The provided code retrieves the labels from a dataset and creates two dictionaries to map labels to their corresponding IDs and vice versa.

In [None]:
# Get the list of labels from the dataset
labels = combined_dataset['train'].features["label"].names

# Initialize empty dictionaries to store the mappings
label2id, id2label = dict(), dict()

# Create mappings between labels and their corresponding IDs
for i, label in enumerate(labels):
    label2id[label] = str(i)  # Map label to ID (as a string)
    id2label[str(i)] = label  # Map ID (as a string) to label

num_labels = len(id2label)

The following code defines the pre-processor used by the Wav2Vec model

In [None]:
# loading the processor
processor = Wav2Vec2Processor.from_pretrained("facebook/wav2vec2-base")

# Modify the preprocess_function to use the processor
def preprocess_function(examples):
    audio_arrays = [x["array"] for x in examples["audio"]]
    inputs = processor(
        audio_arrays,
        sampling_rate=processor.feature_extractor.sampling_rate,
        padding=True,
        max_length=16000,
        truncation=True,
        return_tensors="pt"
    )
    inputs["labels"] = examples["label"]
    return inputs

# applied the pre-process function to the dataset, and remove the audio column.
combined_dataset = combined_dataset.map(preprocess_function, remove_columns="audio", batched=True)

now the computation metrics are defined

In [None]:
accuracy = evaluate.load("accuracy")

def compute_metrics(eval_pred):
    predictions = np.argmax(eval_pred.predictions, axis=1)
    return accuracy.compute(predictions=predictions, references=eval_pred.label_ids)

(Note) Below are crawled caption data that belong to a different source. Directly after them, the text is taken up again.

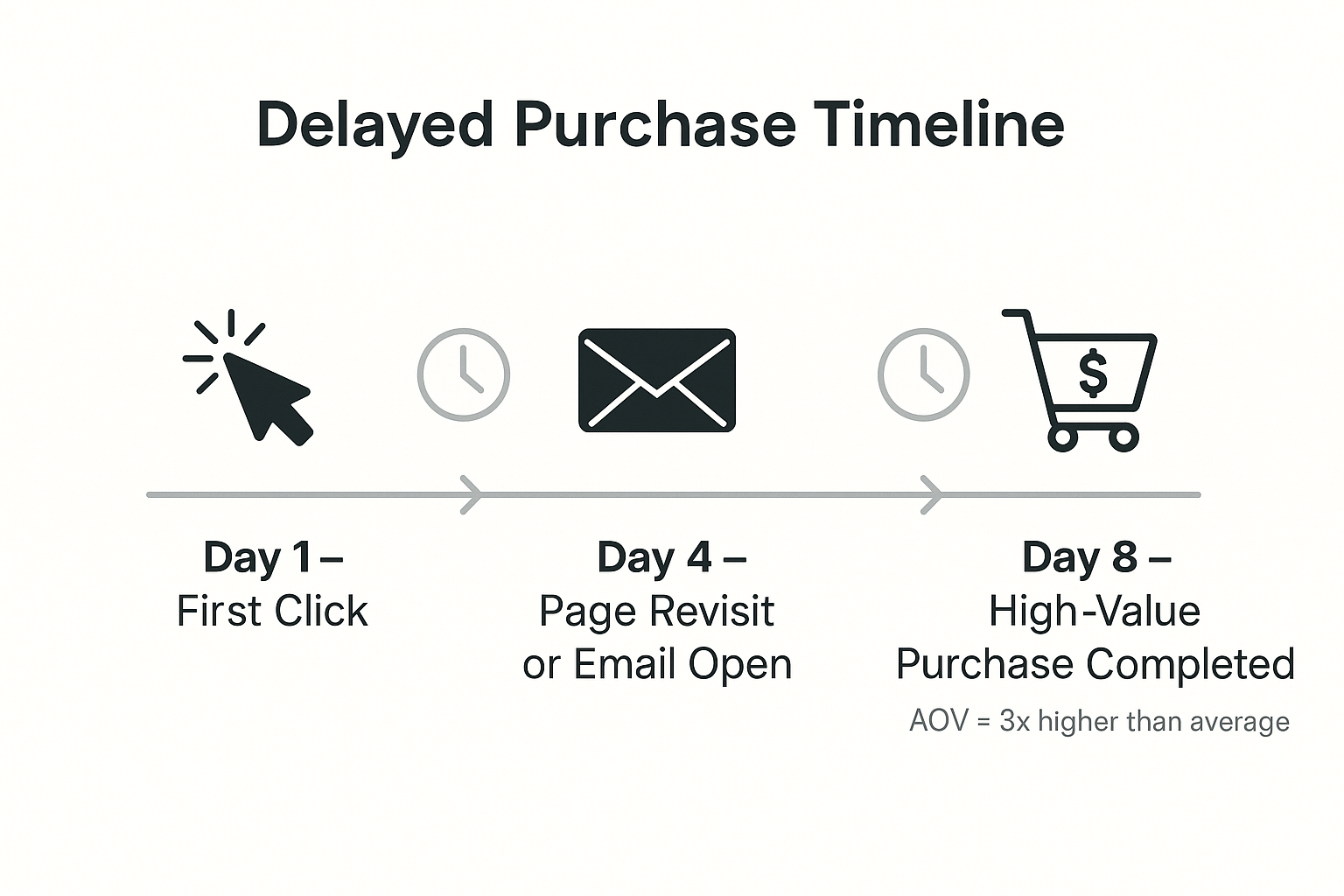 A minimalist horizontal timeline showing a delayed purchase journey with three stages: Day 1 - First Click, Day 4 - Page Revisit or Email Open, and Day 8 - High-Value Purchase Completed with AOV 3x higher than average.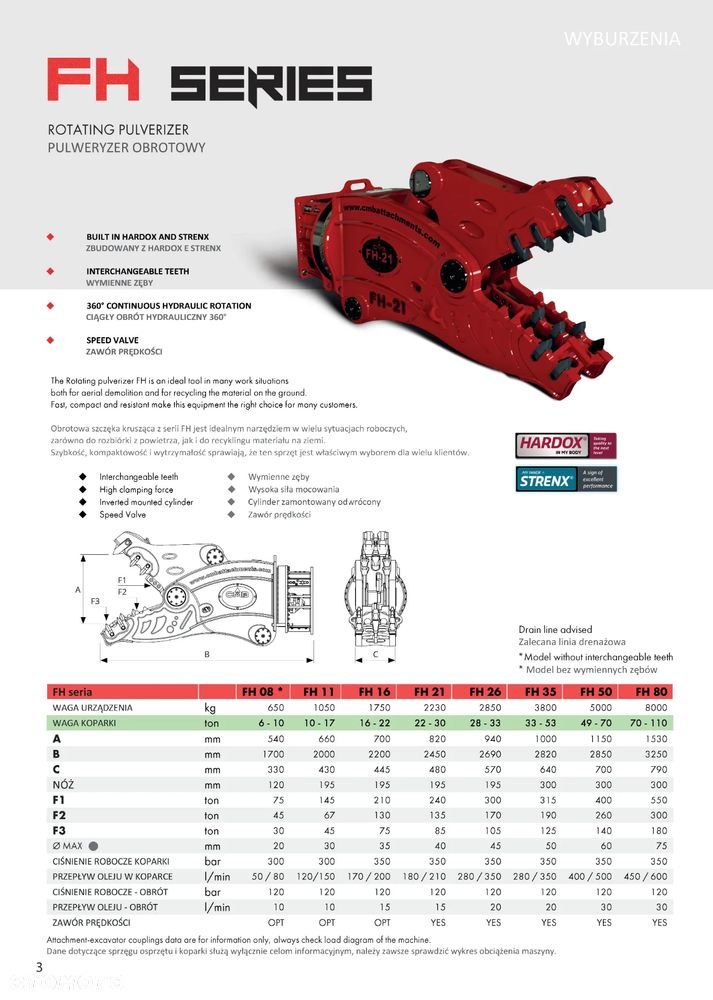 Szczęka krusząca CMB FH11 - 2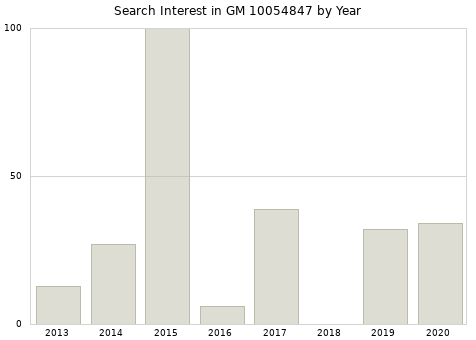 Annual search interest in GM 10054847 part.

## Importing the pre-trained base model

In [None]:
# importing model from HuggingFace Hub
model = AutoModelForAudioClassification.from_pretrained(
    "facebook/wav2vec2-base", num_labels=num_labels, label2id=label2id, id2label=id2label
)

## Preparing the training job

In [None]:
# Set up the training arguments
training_args = TrainingArguments(
    output_dir="trained_model",  # Directory to save the trained model
    evaluation_strategy="epoch",  # Evaluate model at the end of each epoch
    save_strategy="epoch",  # Save the model at the end of each epoch
    learning_rate=1e-3,  # Learning rate for the optimizer
    per_device_train_batch_size=32,  # Batch size per device for training
    gradient_accumulation_steps=4,  # Number of steps for gradient accumulation
    per_device_eval_batch_size=32,  # Batch size per device for evaluation
    num_train_epochs=10,  # Number of training epochs
    warmup_ratio=0.1,  # Ratio of warmup steps for the learning rate scheduler
    logging_steps=10,  # Log training metrics every specified number of steps
    load_best_model_at_end=True,  # Load the best model at the end of training
    metric_for_best_model="accuracy",  # Metric to use for tracking the best model
)

# Initialize the trainer
trainer = Trainer(
    model=model,  # The model to be trained
    args=training_args,  # Training arguments
    train_dataset=combined_dataset["train"],  # Training dataset
    eval_dataset=combined_dataset["test"],  # Evaluation dataset
    tokenizer=processor.feature_extractor,  # Tokenizer for pre-processing
    compute_metrics=compute_metrics,  # Function to compute evaluation metrics
)

## Running the training loop

In [None]:
trainer.train()